> WHAT THIS TASK INVOLVES
Each line of the records has to be copied exactly, though the pictures must be left out.

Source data
'''

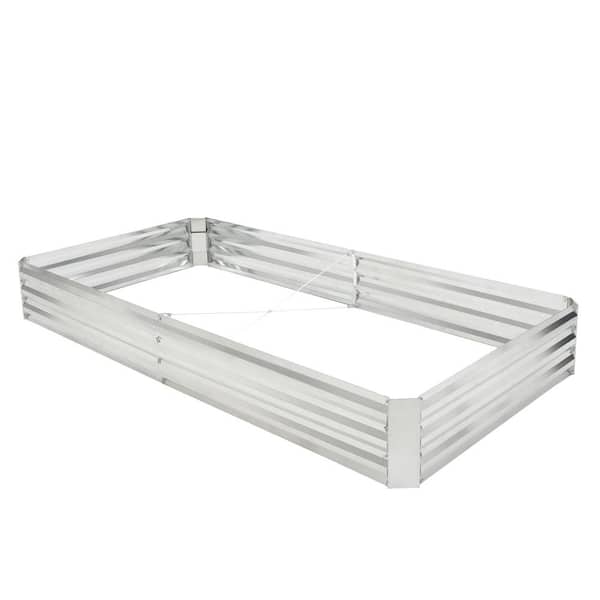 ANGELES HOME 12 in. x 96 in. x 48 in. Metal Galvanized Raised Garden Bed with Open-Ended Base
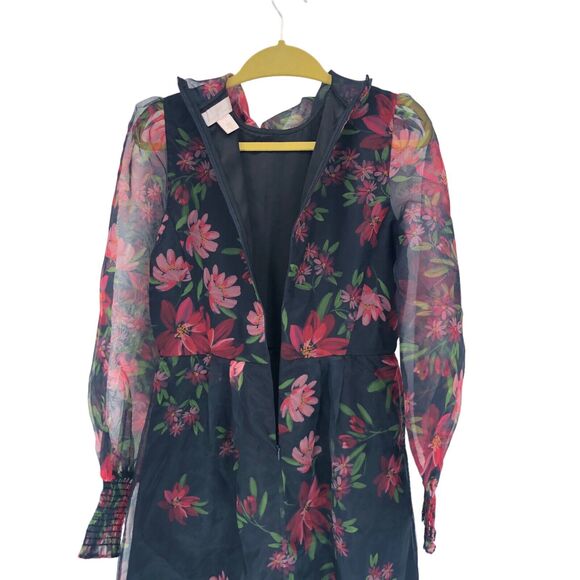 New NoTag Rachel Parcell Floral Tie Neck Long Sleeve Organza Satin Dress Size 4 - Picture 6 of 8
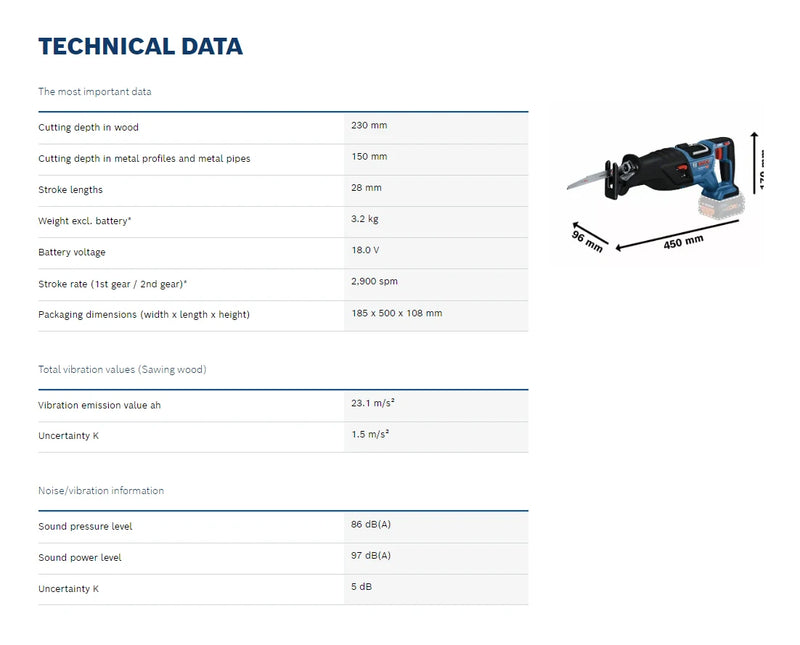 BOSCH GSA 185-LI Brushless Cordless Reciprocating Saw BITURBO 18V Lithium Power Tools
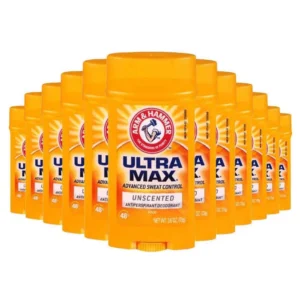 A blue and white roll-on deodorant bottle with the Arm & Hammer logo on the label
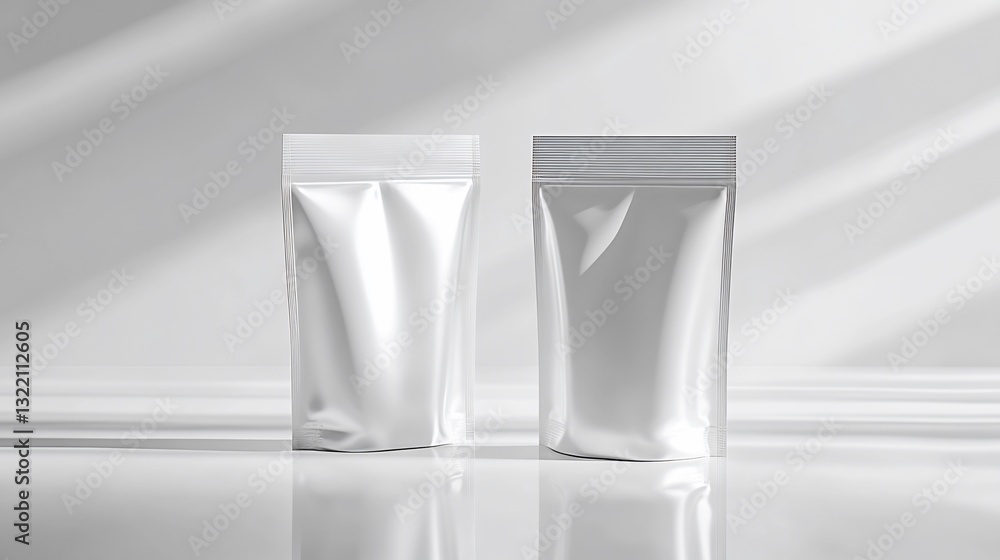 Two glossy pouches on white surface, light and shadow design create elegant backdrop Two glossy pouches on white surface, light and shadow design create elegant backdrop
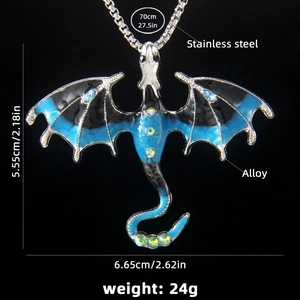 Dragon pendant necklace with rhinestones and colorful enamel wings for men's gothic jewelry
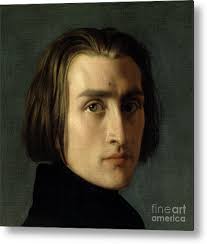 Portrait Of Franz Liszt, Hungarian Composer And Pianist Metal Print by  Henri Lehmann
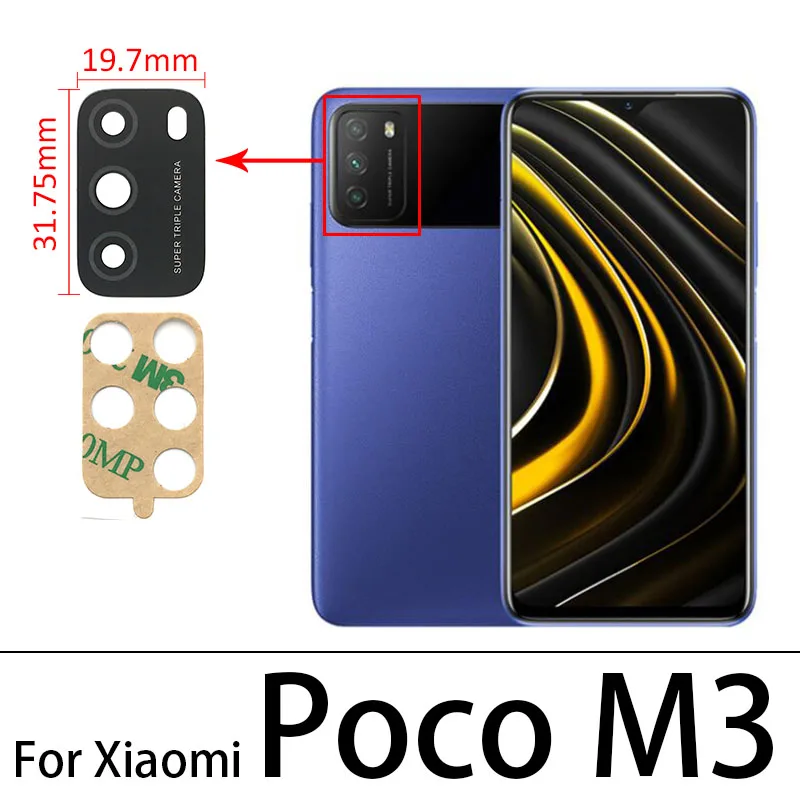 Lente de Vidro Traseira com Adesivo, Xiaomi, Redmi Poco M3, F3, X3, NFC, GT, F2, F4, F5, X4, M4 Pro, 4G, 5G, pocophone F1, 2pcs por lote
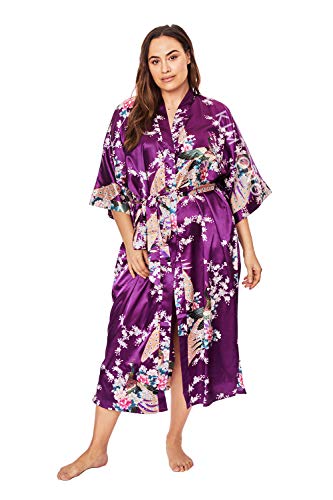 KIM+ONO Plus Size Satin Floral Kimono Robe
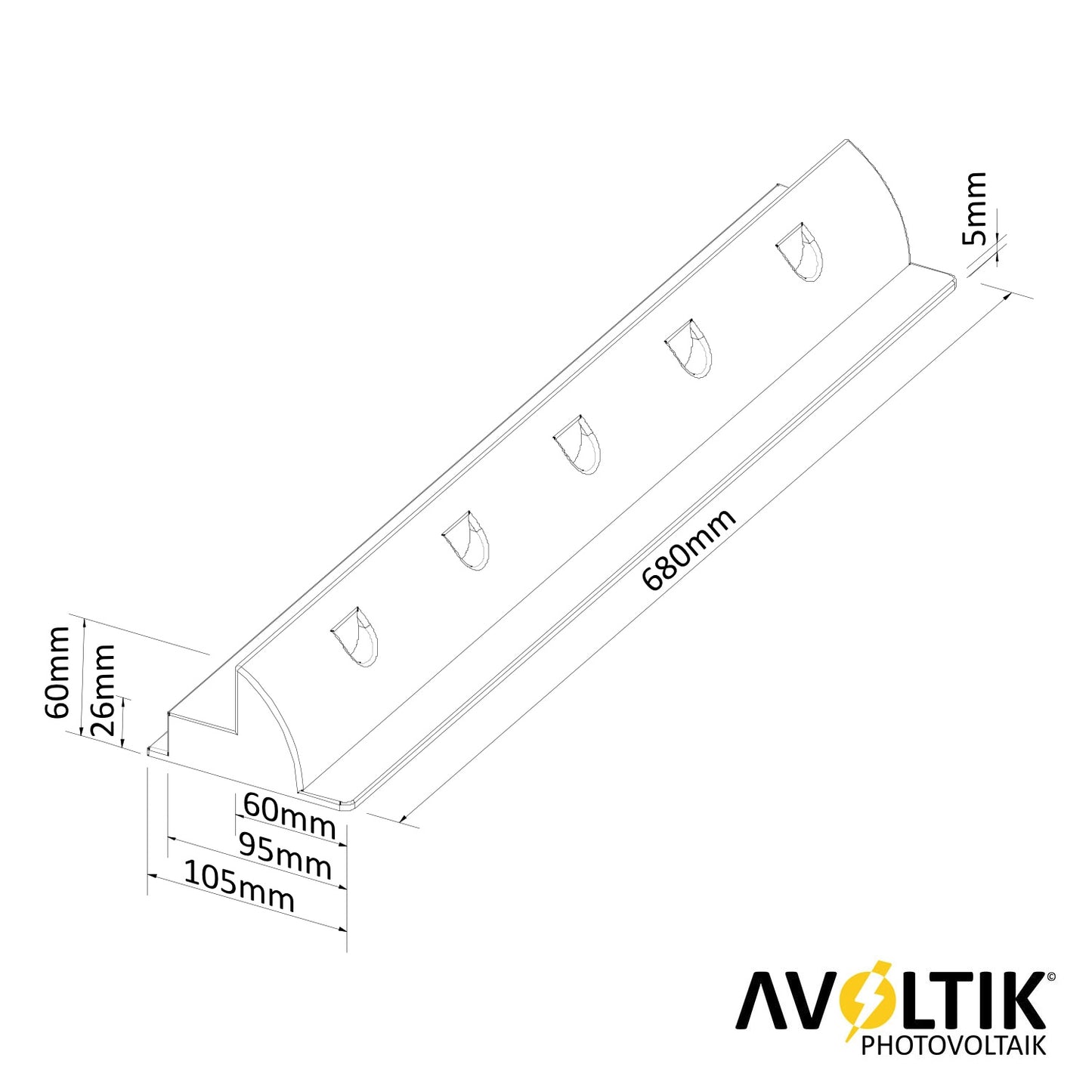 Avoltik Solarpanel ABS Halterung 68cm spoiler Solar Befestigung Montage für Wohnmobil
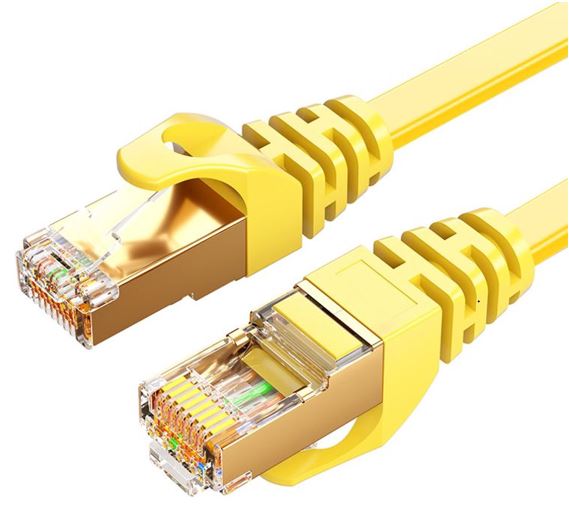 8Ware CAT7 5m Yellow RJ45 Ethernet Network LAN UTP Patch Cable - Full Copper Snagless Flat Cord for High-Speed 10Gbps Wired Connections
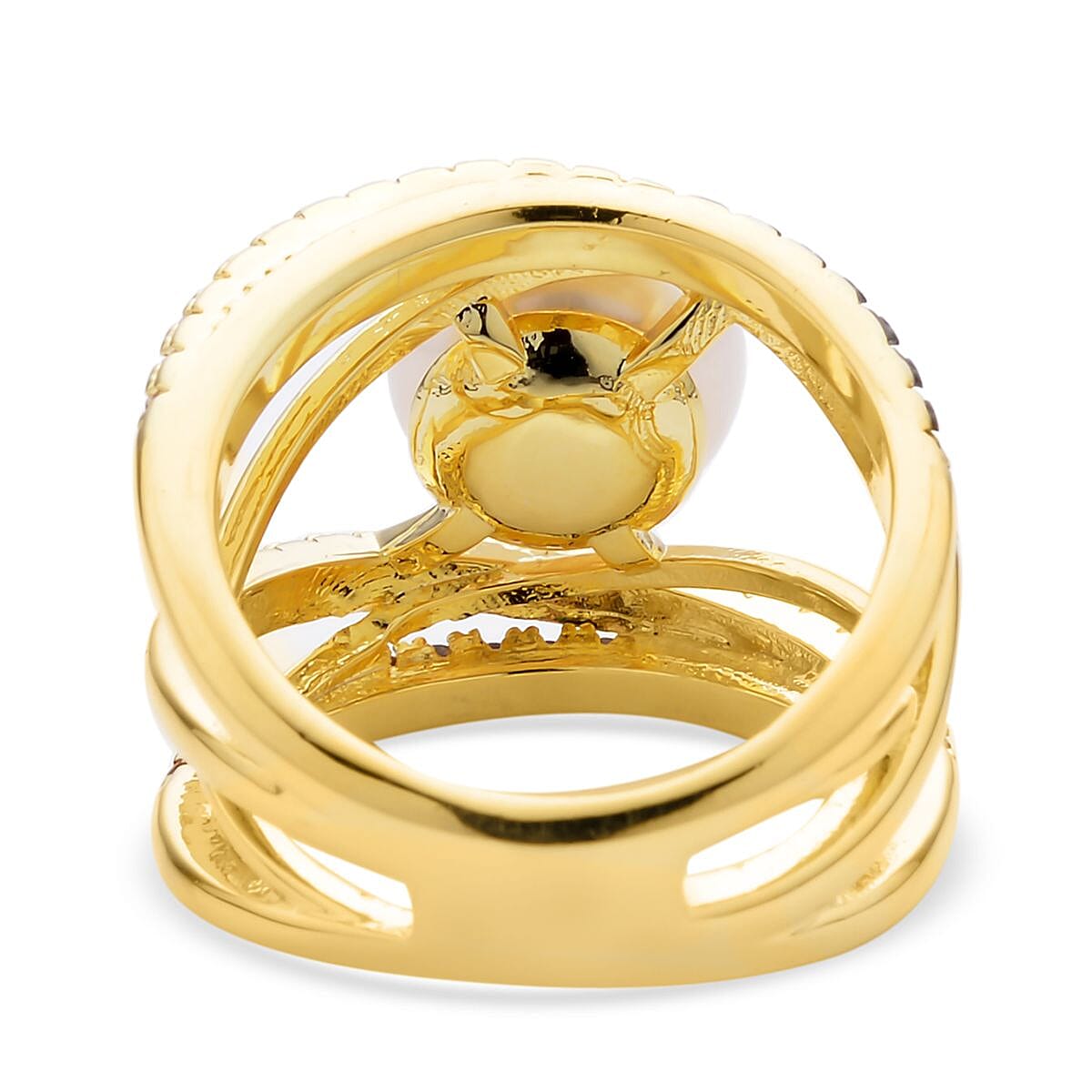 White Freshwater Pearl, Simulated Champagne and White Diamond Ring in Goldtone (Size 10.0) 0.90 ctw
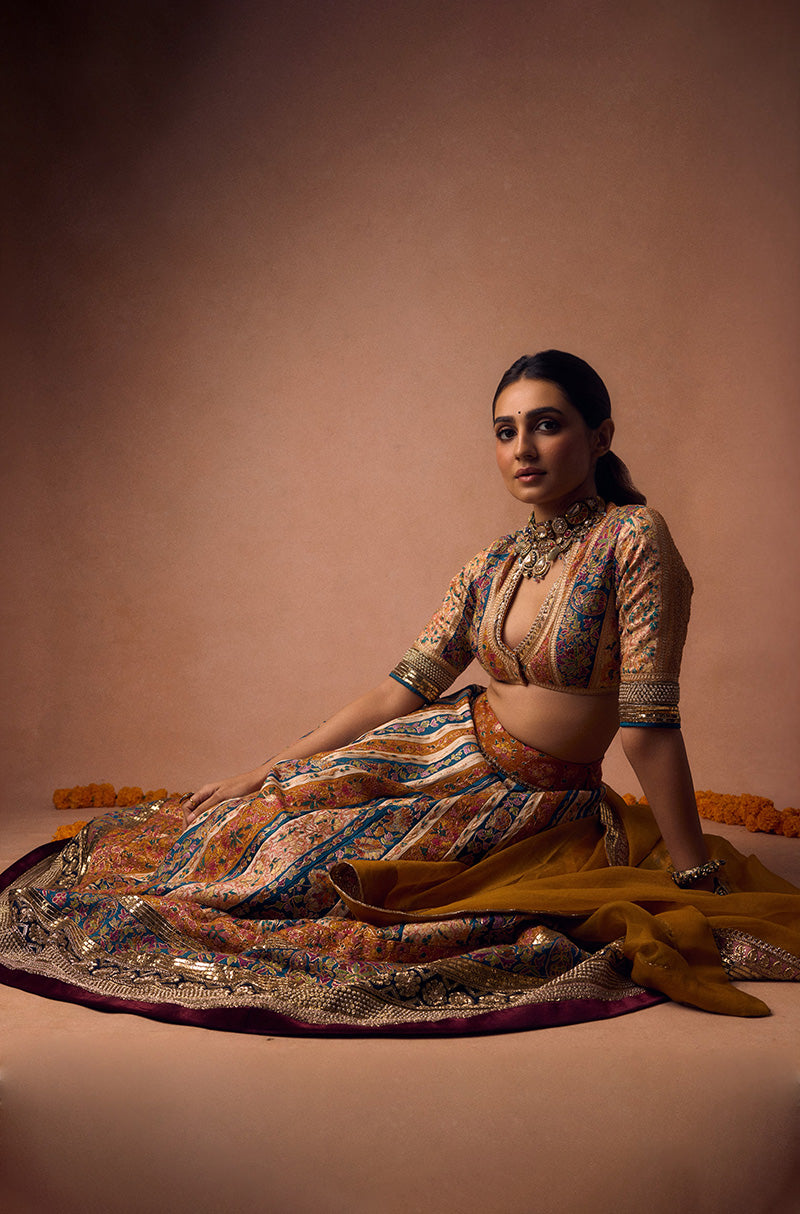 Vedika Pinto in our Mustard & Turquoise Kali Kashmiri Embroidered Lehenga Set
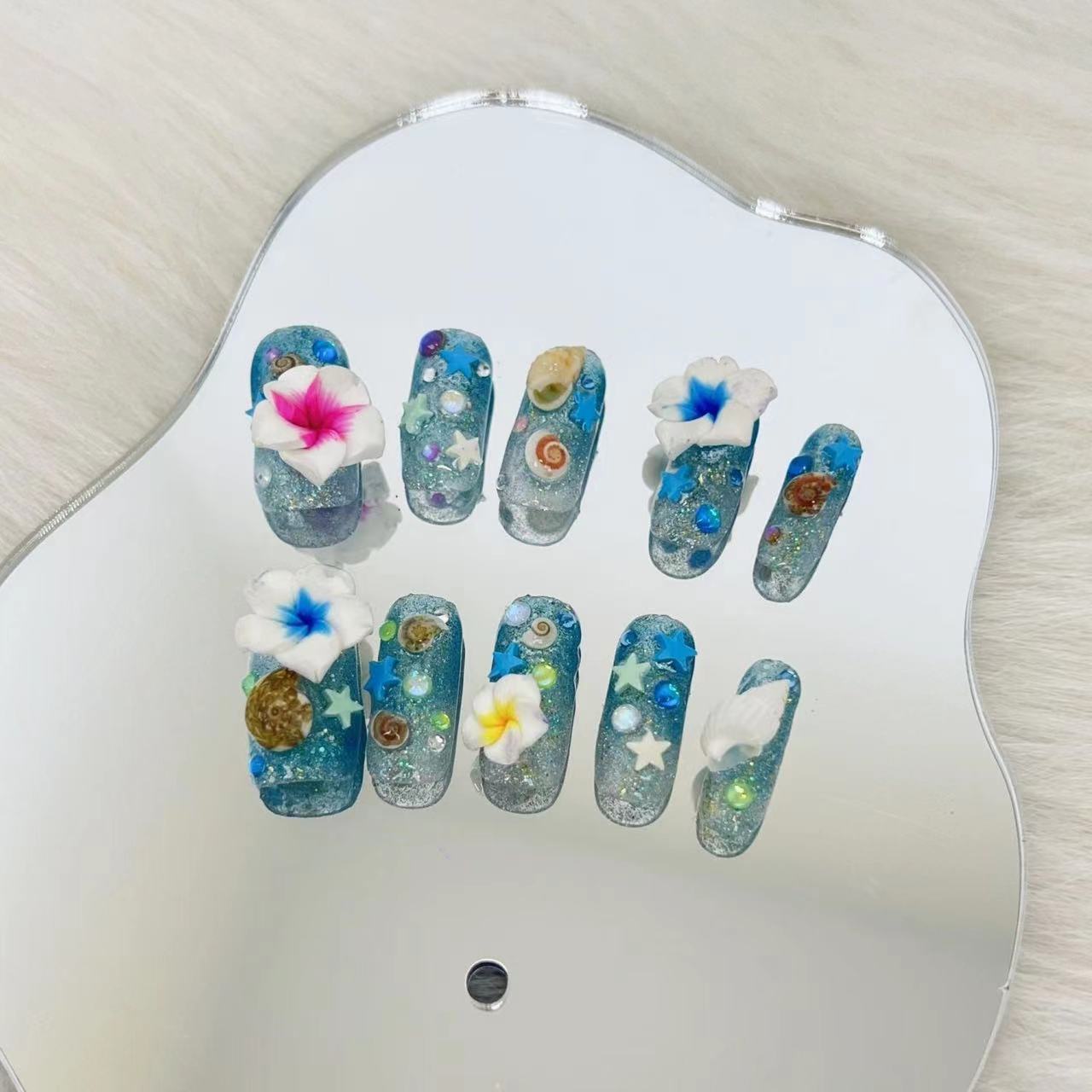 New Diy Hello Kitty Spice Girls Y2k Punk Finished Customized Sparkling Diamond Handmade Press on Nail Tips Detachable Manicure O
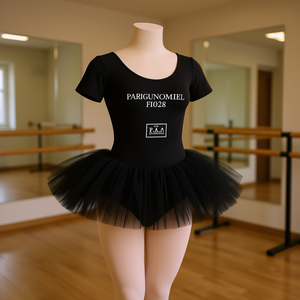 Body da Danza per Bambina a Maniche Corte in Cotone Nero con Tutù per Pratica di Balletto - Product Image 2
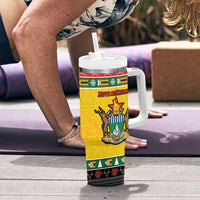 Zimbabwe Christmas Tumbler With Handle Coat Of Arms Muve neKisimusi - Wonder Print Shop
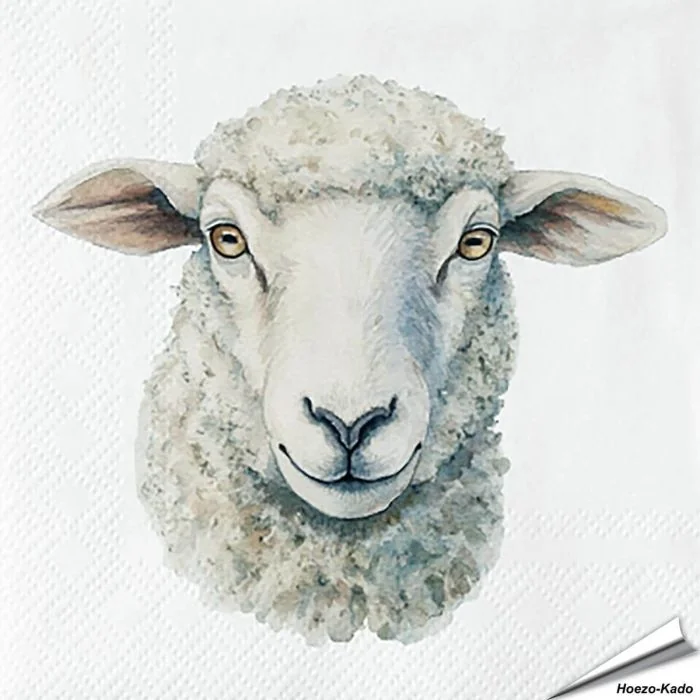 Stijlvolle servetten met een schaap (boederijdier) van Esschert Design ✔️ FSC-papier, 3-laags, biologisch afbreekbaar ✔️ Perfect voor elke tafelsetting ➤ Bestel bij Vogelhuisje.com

'''

> RESPONSE
 ANGELES HOME 12 in. x 96 in. x 48 in. Metal Galvanized Raised Garden Bed with Open-Ended Base
 New NoTag Rachel Parcell Floral Tie Neck Long Sleeve Organza Satin Dress Size 4 - Picture 6 of 8
 BOSCH GSA 185-LI Brushless Cordless Reciprocating Saw BITURBO 18V Lithium Power Tools
 A blue and white roll-on deodorant bottle with the Arm & Hammer logo on the label
 Two glossy pouches on white surface, light and shadow design create elegant backdrop Two glossy pouches on white surface, light and shadow design create elegant backdrop
 Dragon pendant necklace with rhinestones and colorful enamel wings for men's gothic jewelry
 Portrait Of Franz Liszt, Hungarian Composer And Pianist Metal Print by  Henri Lehmann
 Lente de Vidro Traseira com Adesivo, Xiaomi, Redmi Poco M3, F3, X3, NFC, GT, F2, F4, F5, X4, M4 Pro, 4G, 5G, pocophone F1, 2pcs por lote
 KIM+ONO Plus Size Satin Floral Kimono Robe
 Avoltik Solarpanel ABS Halterung 68cm spoiler Solar Befestigung Montage für Wohnmobil
 8Ware CAT7 5m Yellow RJ45 Ethernet Network LAN UTP Patch Cable - Full Copper Snagless Flat Cord for High-Speed 10Gbps Wired Connections
 White Freshwater Pearl, Simulated Champagne and White Diamond Ring in Goldtone (Size 10.0) 0.90 ctw
 Vedika Pinto in our Mustard & Turquoise Kali Kashmiri Embroidered Lehenga Set
 New Diy Hello Kitty Spice Girls Y2k Punk Finished Customized Sparkling Diamond Handmade Press on Nail Tips Detachable Manicure O
 Body da Danza per Bambina a Maniche Corte in Cotone Nero con Tutù per Pratica di Balletto - Product Image 2
 Zimbabwe Christmas Tumbler With Handle Coat Of Arms Muve neKisimusi - Wonder Print Shop
 Stijlvolle servetten met een schaap (boederijdier) van Esschert Design ✔️ FSC-papier, 3-laags, biologisch afbreekbaar ✔️ Perfect voor elke tafelsetting ➤ Bestel bij Vogelhuisje.com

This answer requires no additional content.